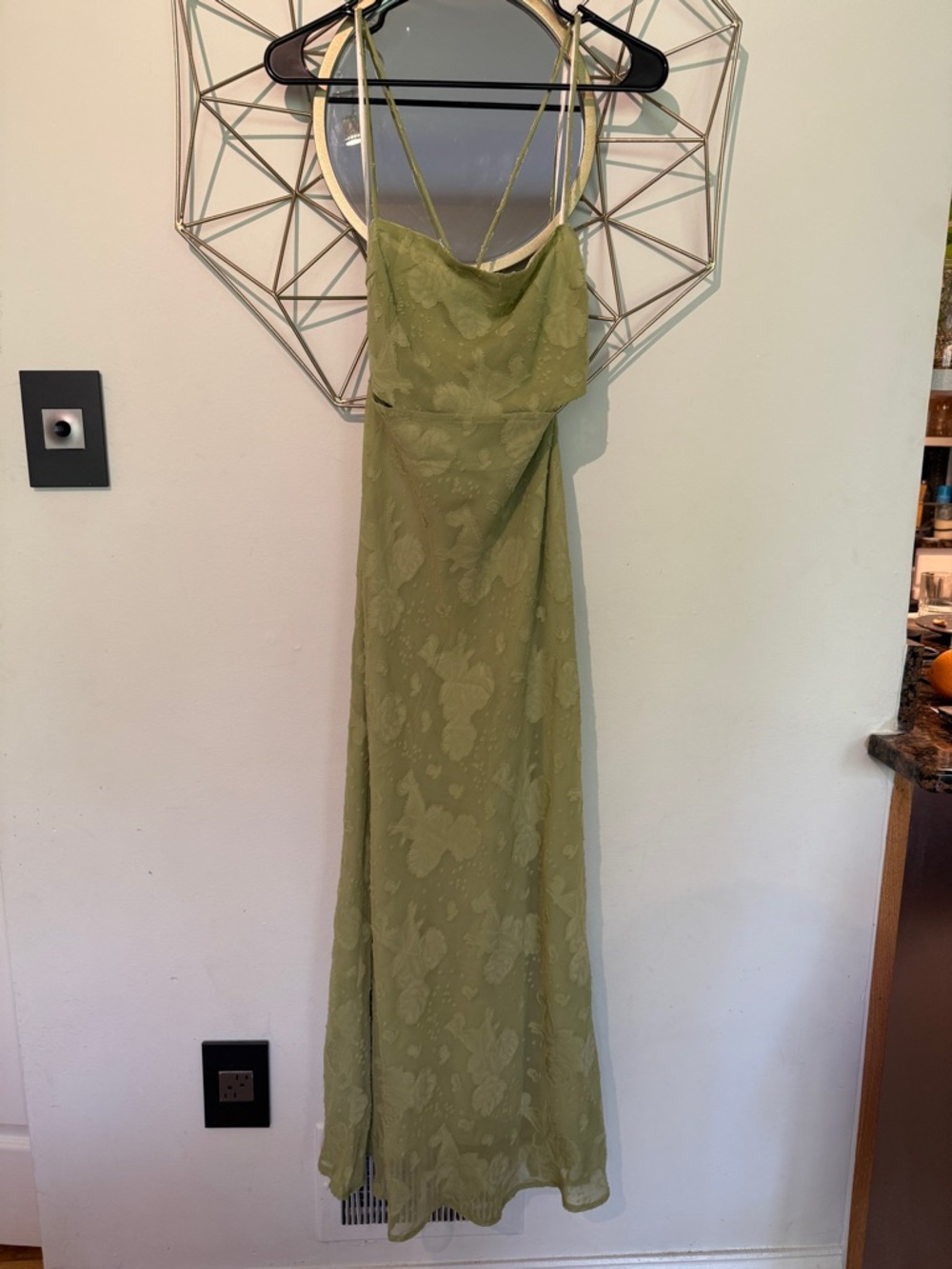 Sage Green Dress with Floral Jacquard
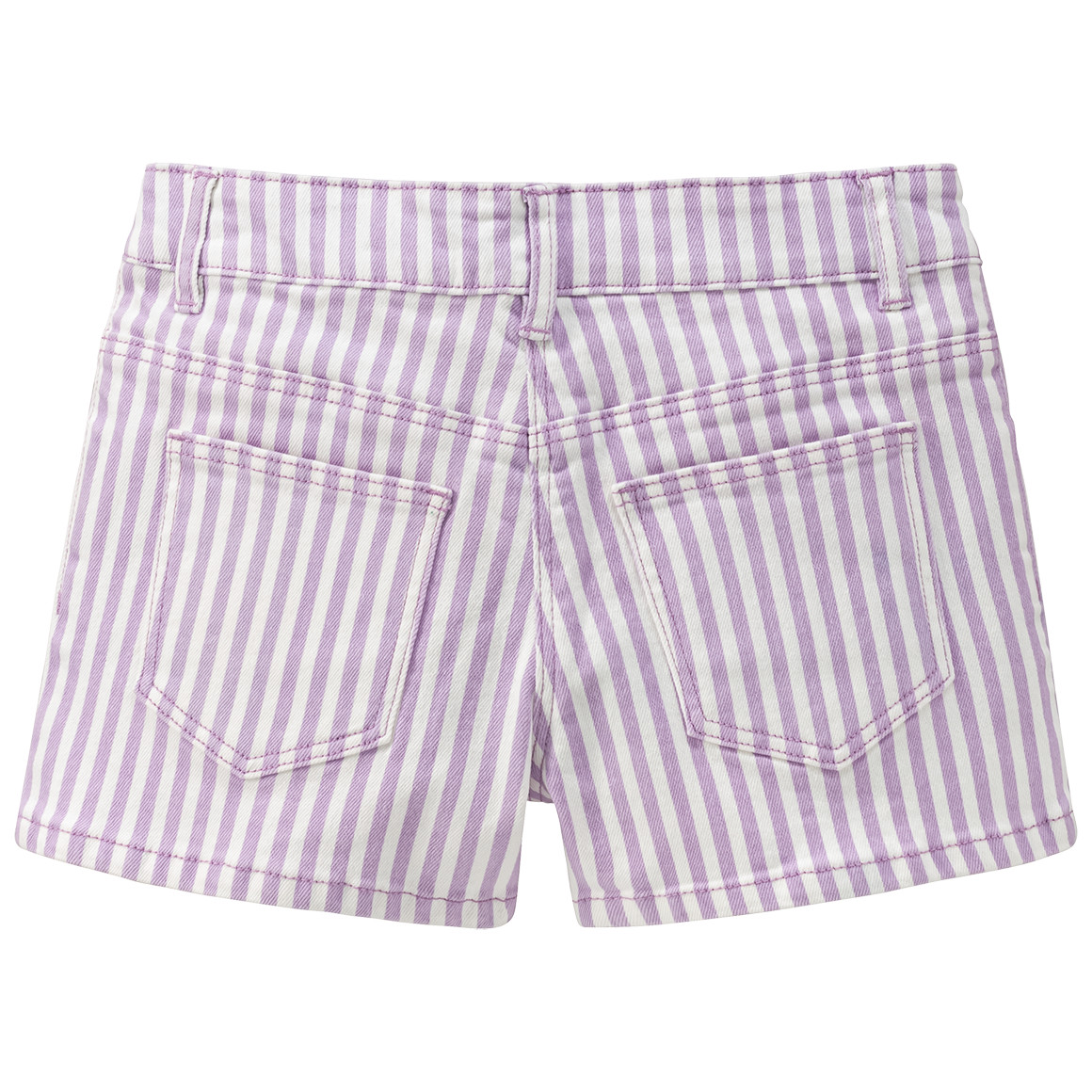 Yigga Mädchen Jeans-Shorts mit Streifen helllila / weiss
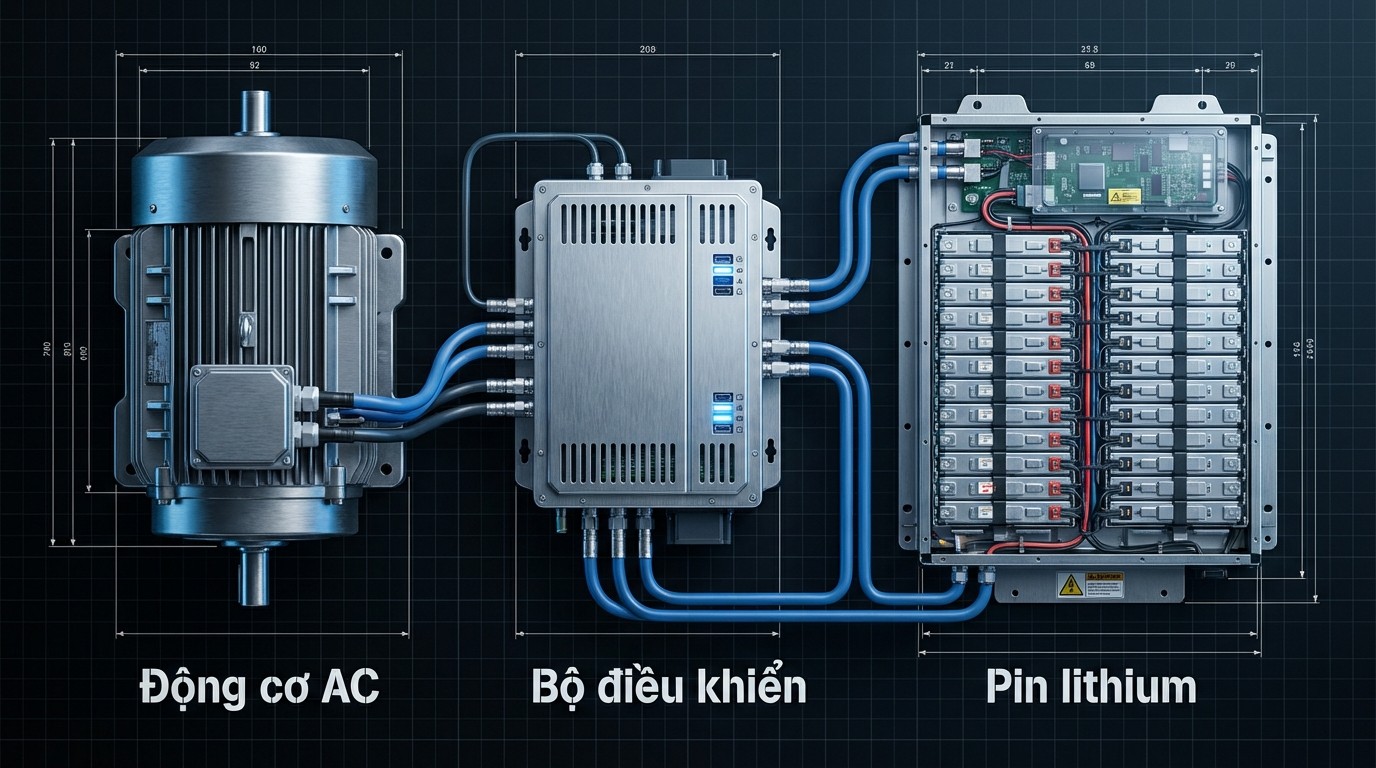 Sơ đồ cụm linh kiện cốt lõi của xe nâng điện gồm động cơ AC, bộ điều khiển và pin lithium
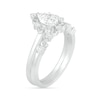Thumbnail Image 2 of Pear-Shaped White Lab-Created Sapphire Ornate Frame Vintage-Style Bridal Set in Sterling Silver
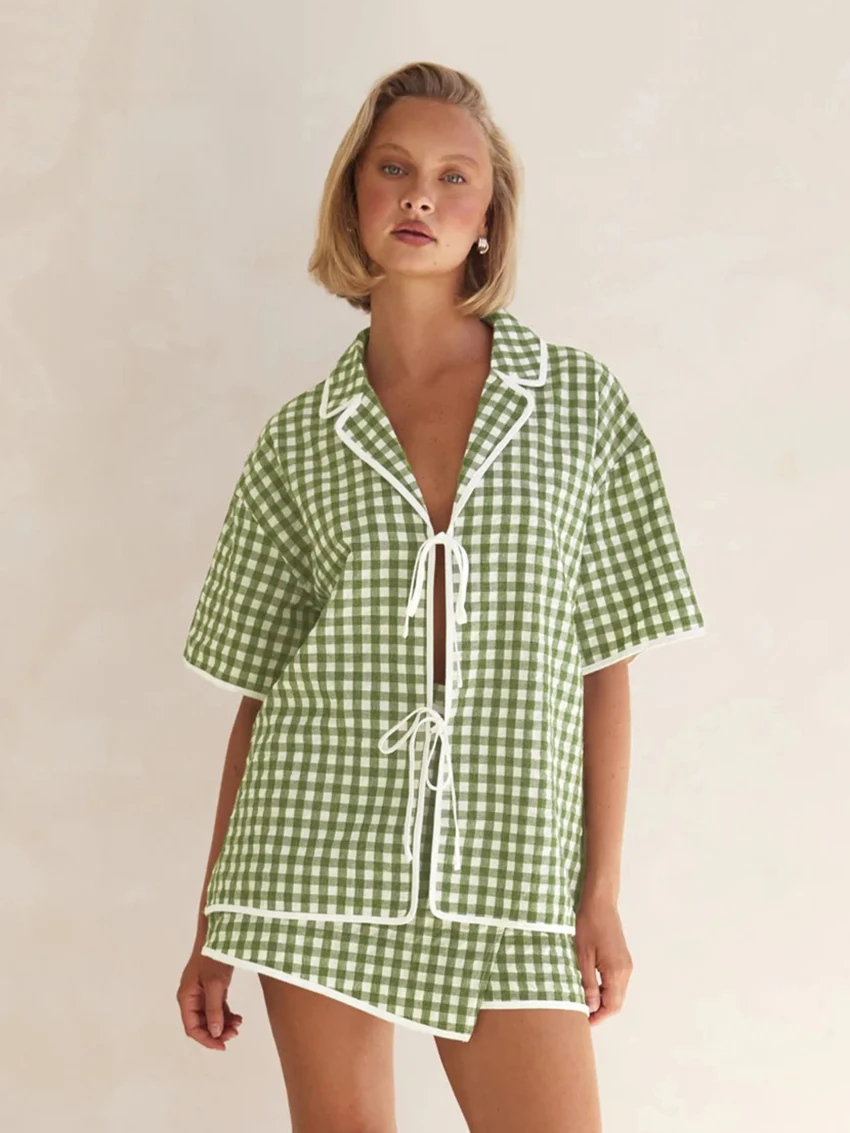 Marthaqiqi Plaid Female Nightgowns Suit Half Sleeve Nightwear Lace Up Pajamas Turn-Down Collar Nightie Skirt Casual Home Clothes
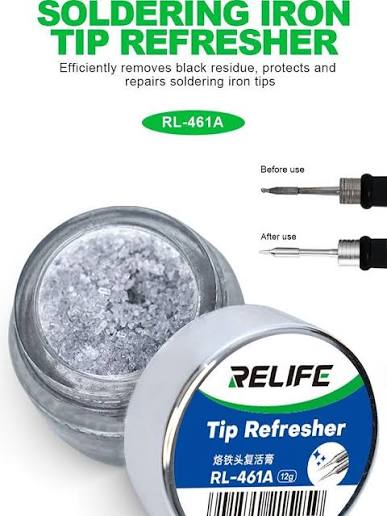 RELIFE RL-461A Soldering Iron Tip Refresher .Highly effective removal of  oxide layers，Quickly remove cyanide deposits from the soldering iron tip's  contact surface to restore its shine. .Restore soldering iron tips to  achieve
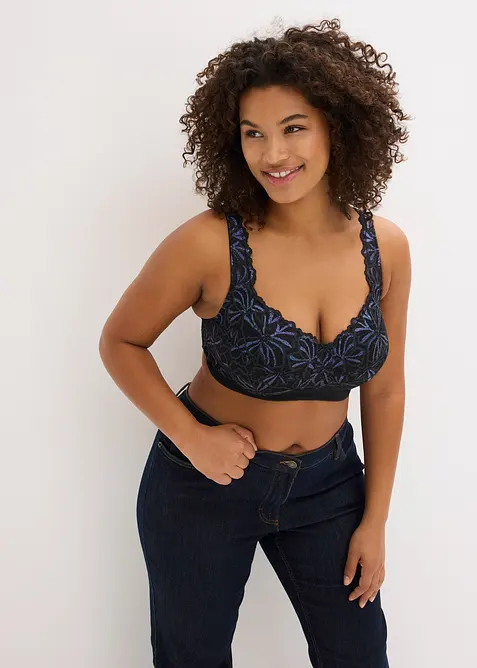 Reggiseno contenitivo senza ferretto con filato glitterato multicolore, bonprix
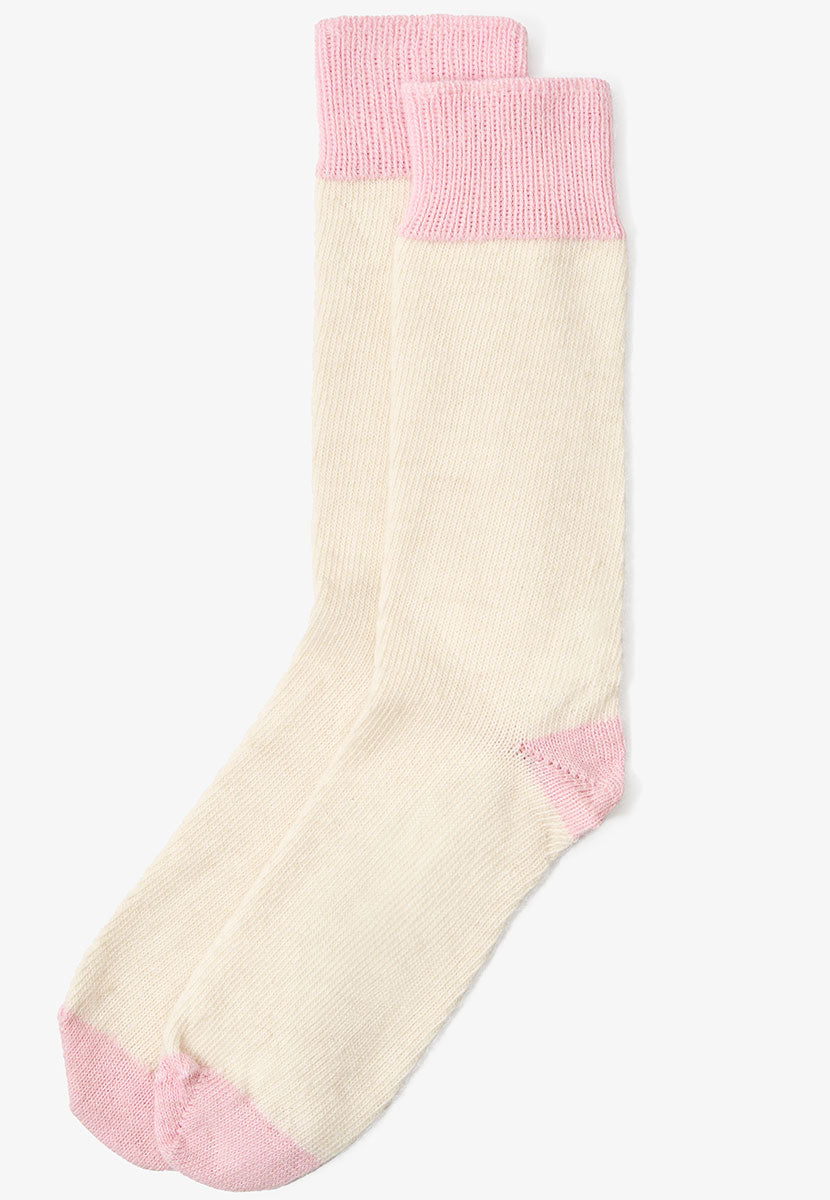 Cosy Alpaca Bed Socks - Ivory/Pink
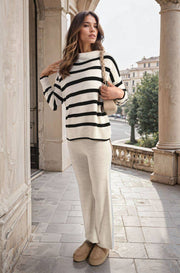 Knitted Striped Long Sleeve Top and  Pants Co-ord Set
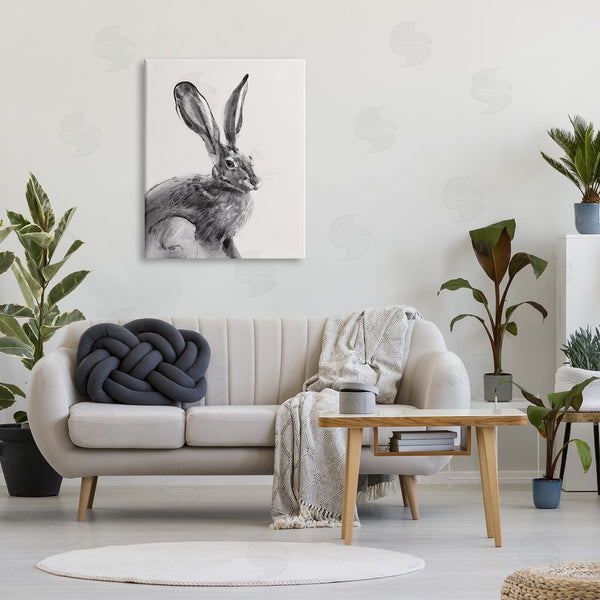 Stupell Industries Emma Caroline | Resting Wild Hare Portrait Bold Face Rabbit Illustration Wall Art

···

**INSTRUCTIONS FOR THE TASK**
Return the material above verbatim, minus the pictures.

**EXERCISE OUTPUT**
 Sage Green Dress with Floral Jacquard
 Yigga Mädchen Jeans-Shorts mit Streifen helllila / weiss
 Sơ đồ cụm linh kiện cốt lõi của xe nâng điện gồm động cơ AC, bộ điều khiển và pin lithium
Thumbnail Image 2 of Pear-Shaped White Lab-Created Sapphire Ornate Frame Vintage-Style Bridal Set in Sterling Silver
 Marthaqiqi Plaid Female Nightgowns Suit Half Sleeve Nightwear Lace Up Pajamas Turn-Down Collar Nightie Skirt Casual Home Clothes
 RELIFE RL-461A Soldering Iron Tip Refresher .Highly effective removal of  oxide layers，Quickly remove cyanide deposits from the soldering iron tip's  contact surface to restore its shine. .Restore soldering iron tips to  achieve
 Reggiseno contenitivo senza ferretto con filato glitterato multicolore, bonprix
 Cosy Alpaca Bed Socks - Ivory/Pink
 Knitted Striped Long Sleeve Top and  Pants Co-ord Set
 Stupell Industries Emma Caroline | Resting Wild Hare Portrait Bold Face Rabbit Illustration Wall Art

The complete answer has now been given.